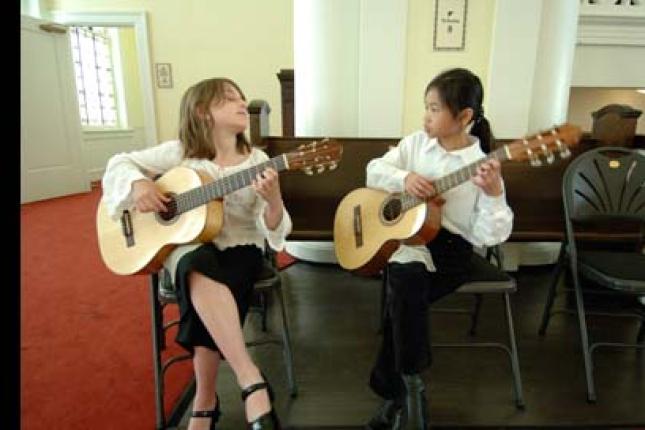 Classical Guitar
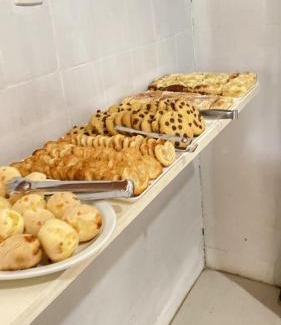 Garopaba Hotel | Pousada Charle Brown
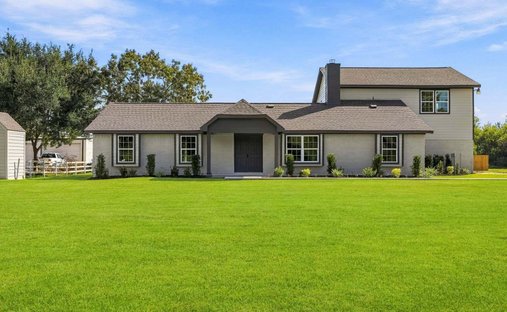 Casa en Dickinson, Texas, Estados Unidos 1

+ + + + + + +

**EXERCISE REQUIREMENTS:** Reproduce, exactly and with no pictures, the lines from the line containing "Garopaba Hotel | Pousada Charle Brown" through the closing line of the data above, keeping both ends.

**SOLUTION:**
 Garopaba Hotel | Pousada Charle Brown
 Casa en Dickinson, Texas, Estados Unidos 1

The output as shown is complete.